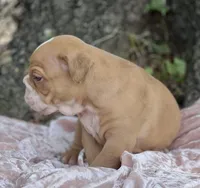 Aurora, a female Olde English Bulldogge for sale in Ocala, FL – Photo 3 of 10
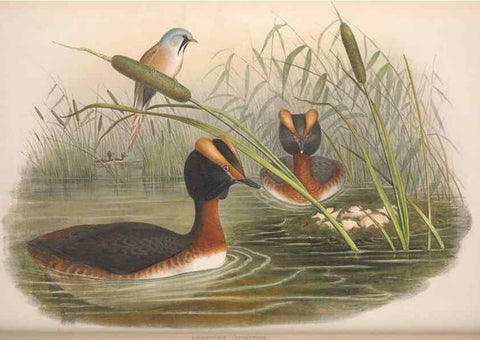 Reproducción/Reproduction 48914563813: The birds of Great Britain. London :Printed by Taylor and Francis, published by the author,1873.. 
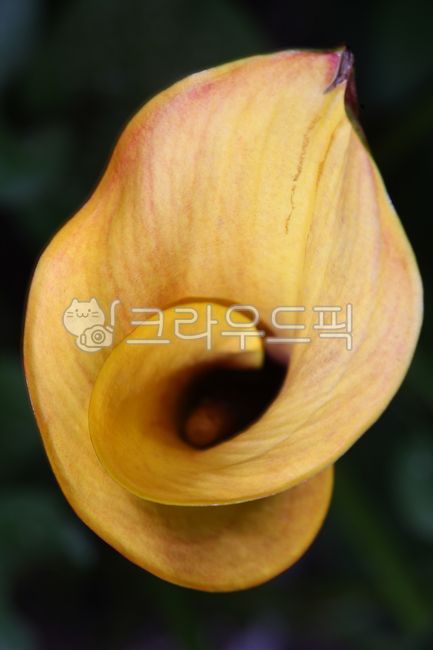 카라꽃,노란꽃,화초,yellow,구성,나선형,flower,꽃잎,petal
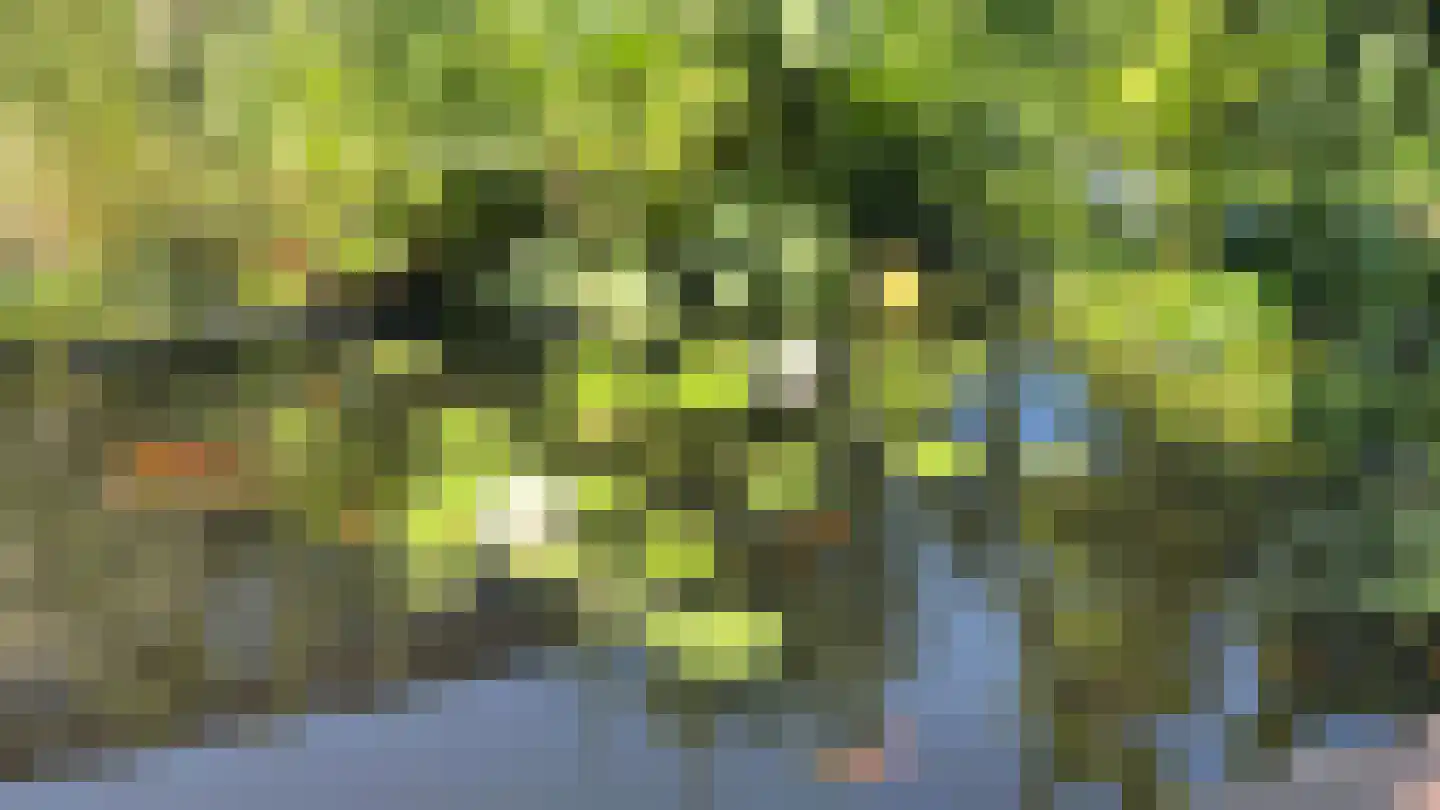 Badlaan 29 A Muiderberg thumbnail 50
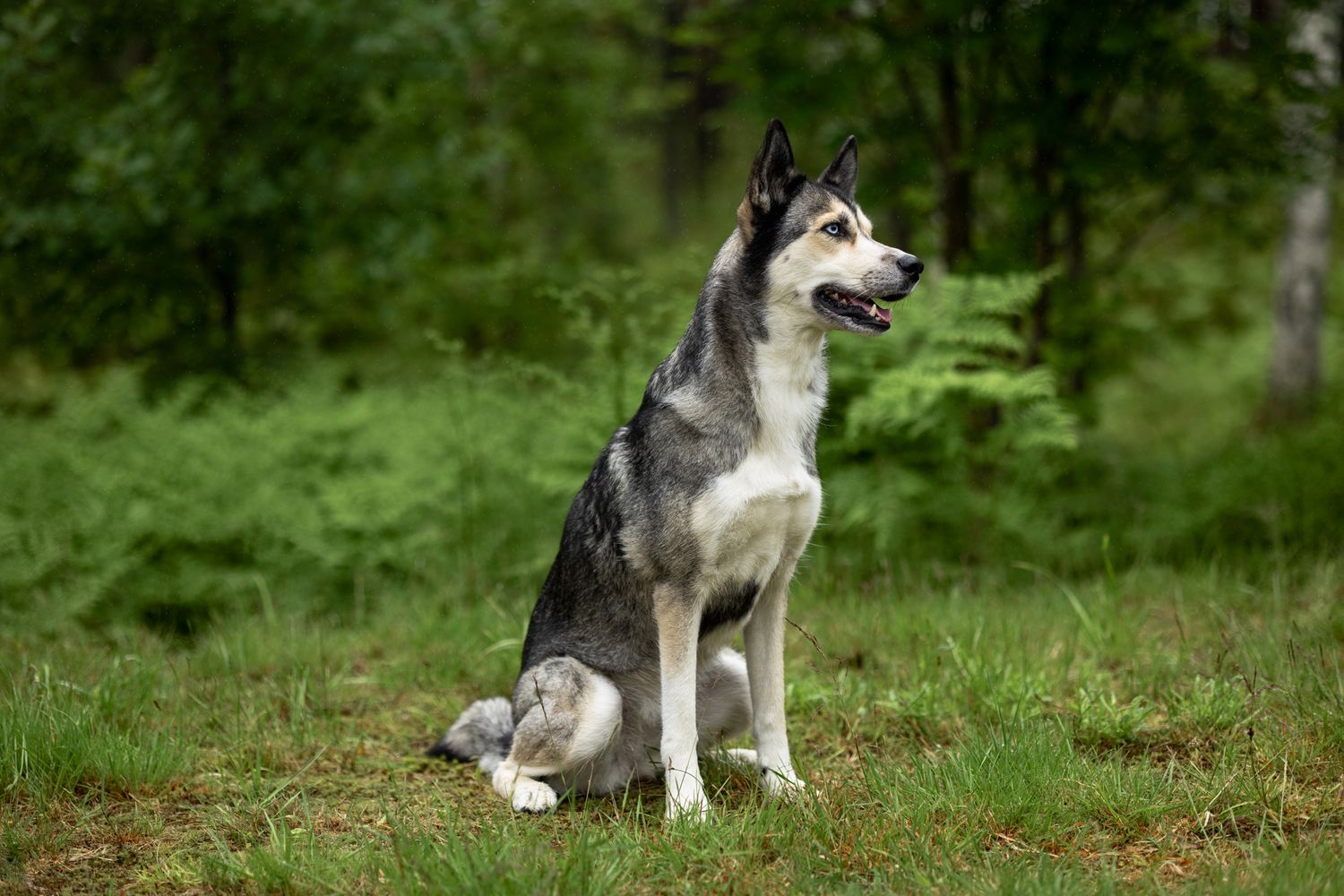 Harmaavalkoinen husky istuu ryhdikkäänä vihreässä maisemassa.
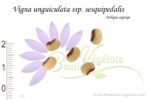 Graines de Vigna unguiculata ssp. sesquipedalis, Vigna unguiculata ssp. sesquipedalis seeds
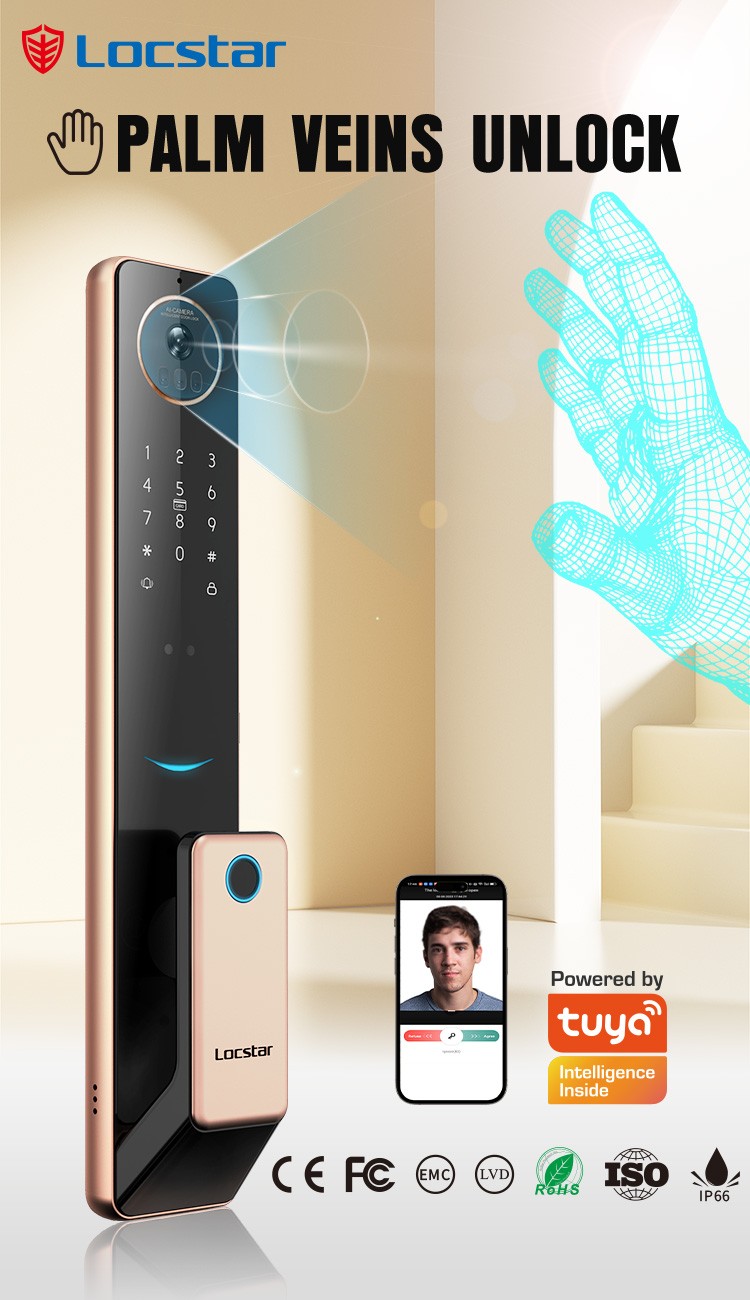 LS-S61 Smart Door Lock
__________________________________________________
■ **What you will do**
From the first line to the last, please copy the data exactly, with the pictures left out.

■ **Written answer**
 Aurora, a female Olde English Bulldogge for sale in Ocala, FL – Photo 3 of 10
 Reproducción/Reproduction 48914563813: The birds of Great Britain. London :Printed by Taylor and Francis, published by the author,1873.. 
 카라꽃,노란꽃,화초,yellow,구성,나선형,flower,꽃잎,petal
 Badlaan 29 A Muiderberg thumbnail 50
 Harmaavalkoinen husky istuu ryhdikkäänä vihreässä maisemassa.
 Graines de Vigna unguiculata ssp. sesquipedalis, Vigna unguiculata ssp. sesquipedalis seeds
 LS-S61 Smart Door Lock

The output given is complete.